Tuesday, February 25, 2014

Sharing Society’s Burdens: From Appomattox to Westchester

“The natural distribution is neither just nor unjust; nor is it unjust that persons are born into society at some particular position. These are simply natural facts. What is just and unjust is the way that institutions deal with these facts.”

-- John Rawls, A Theory of Justice, 1971

Shortly after the Emancipation Proclamation took effect, on January 1, 1863, Congress passed a new conscription law which placed all male citizens aged 20-35 and all unmarried men between 35-45 into a lottery. However, in addition to not including Blacks (who were exempt on account of their lack of citizenship—though many would fight with honor throughout the war, including the famed Massachusetts 54th Regiment), the draft law allowed those who could afford to hire a substitute or pay the government $300 to avoid enlistment.

Less than 24 hours after the first lottery took place, New York City erupted into five days of violence that would later be termed the “New York City Draft Riots.” These riots—fueled by deep-seeded racism of working-class white immigrants toward free blacks—not only targeted black New Yorkers, but also directed their destructive ire on property of the wealthy.
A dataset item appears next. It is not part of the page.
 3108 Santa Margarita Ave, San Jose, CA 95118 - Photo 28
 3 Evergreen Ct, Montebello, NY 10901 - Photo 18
Over five days, the riots claimed over 100 lives.

The Draft Riots were about a very simple principle—justice. Recent discoveries in evolutionary biology and psychology have shown that humans are born with an inherent sense of fairness. We feel injustice in our core and rebel against it as an affront to our dignity as equal persons.
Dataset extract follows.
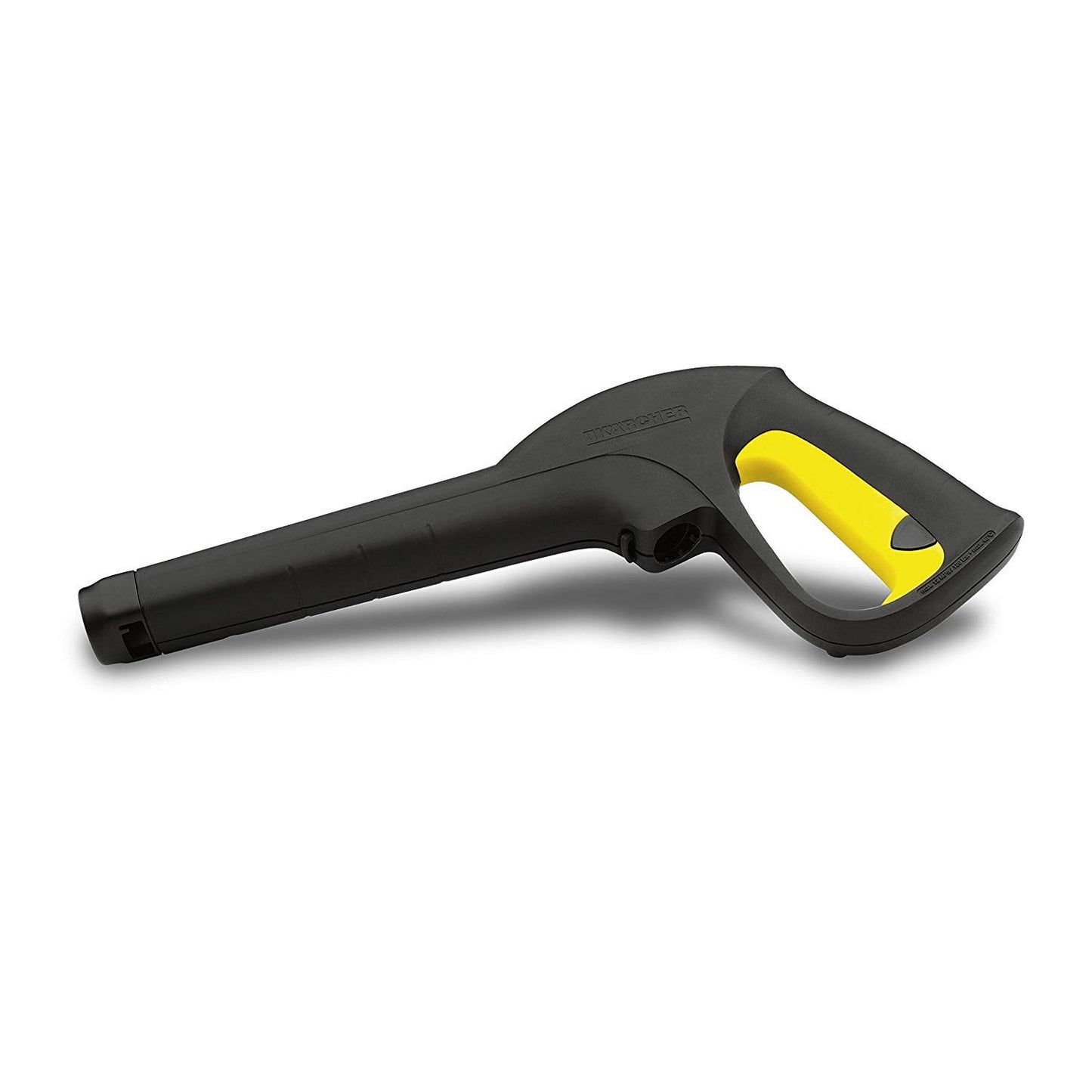 Trigger Gun 2.641-202.0 2.641-203.0 for Karcher Pressure Cleaner K2 K3 K4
In the Draft Riots, the idea that mere wealth could exempt a man from doing his part to combat common scourges—slavery and the dissolution of the Union—was too much to bear in silence. Certainly the working class of 1863 knew, as we know now, that wealth “buys” all sorts of advantages in life. However, when that advantage is made manifest in such a brazen manner (you cut a check and you are free to go), it is a recipe for unrest.

150 years after the Civil War, America continues to struggle with how to share common burdens. Some advocates and legislators, including Rep. Charles B. Rangel (D-NY), believe that the draft needs to be reinstated for fairness purposes, since a disproportionate number of low-income Americans choose to enlist in our now all-volunteer armed forces. As Rangel stated, “Reinstating the draft and requiring women to register for the Selective Service would compel the American public to have a stake in the wars we fight as a nation. We must question why and how we go to war, and who decides to send our men and women into harm's way.

The sharing of society’s burdens goes well beyond the battlefield. It includes contentious questions about how we deal with trash pickup, such as the fight over the 91st Street waste transfer station down the street from my apartment on Manhattan’s Upper East Side. It includes racially charged disputes about the siting of affordable housing developments, which often are populated by low-income people of color, in wealthier, whiter communities, such as Chappaqua, N.Y. or Wellesley, Mass. And it includes how to ensure that all people can afford quality health care—in part by requiring healthy people to purchase insurance to broaden risk pools and avoid adverse selection problems that would drive up costs for all.

There is immense political pressure at the local level to embrace NIMBY reasoning and foist our fair share of a particular burden onto other neighborhoods/communities. As a result, courts have been forced to step in to establish “fair share” principles. As the New jersey Supreme Court stated in the famed affordable housing case of Mount Laurel, “Almost every [municipality] acts solely in its own selfish and parochial interest and in effect builds a wall around itself to keep out those people or entities not adding favorably to the tax base, despite the location of the municipality or the demand for varied kinds of housing.” Southern Burlington County NAACP v. Township of Mount Laurel, 67 N.J. 151, 171 (1975).

The Court went on to declare, in its second Mount Laurel decision, that “municipalities, at the very least, must remove all municipally created barriers to the construction of their fair share of lower income housing.” Southern Burlington County NAACP v. Township of Mount Laurel 92 N.J. 158, 258 (1983) (emphasis added); see also Berenson v. New Castle, 38 N.Y.2d 102, 110 (1975) (“There must be a balancing of the local desire to maintain the status quo within the community and the greater public interest that regional needs be met”).

Similarly, in Philadelphia v. New Jersey, 437 U.S. 617 (1978), the Supreme Court of the United States struck down a New Jersey law which prohibited the importing of any solid or liquid waste which originated or was collected outside the State. The Court declared that a State may not, “isolate itself from a problem common to many by erecting a barrier against the movement of interstate trade.” Id. at 628.


Ultimately, in order to determine what is right, what is good, what is just, John Rawls’ seminal “veil of ignorance” approach provides ample guidance. Recognizing, as Rawls does, that so much of where we are in life is on account of accident of birth—i.e. luck—we must not only accept that we need to do our part to solve society’s most pressing problems, but we must affirmatively celebrate that effort as a means of building strong social bonds between communities.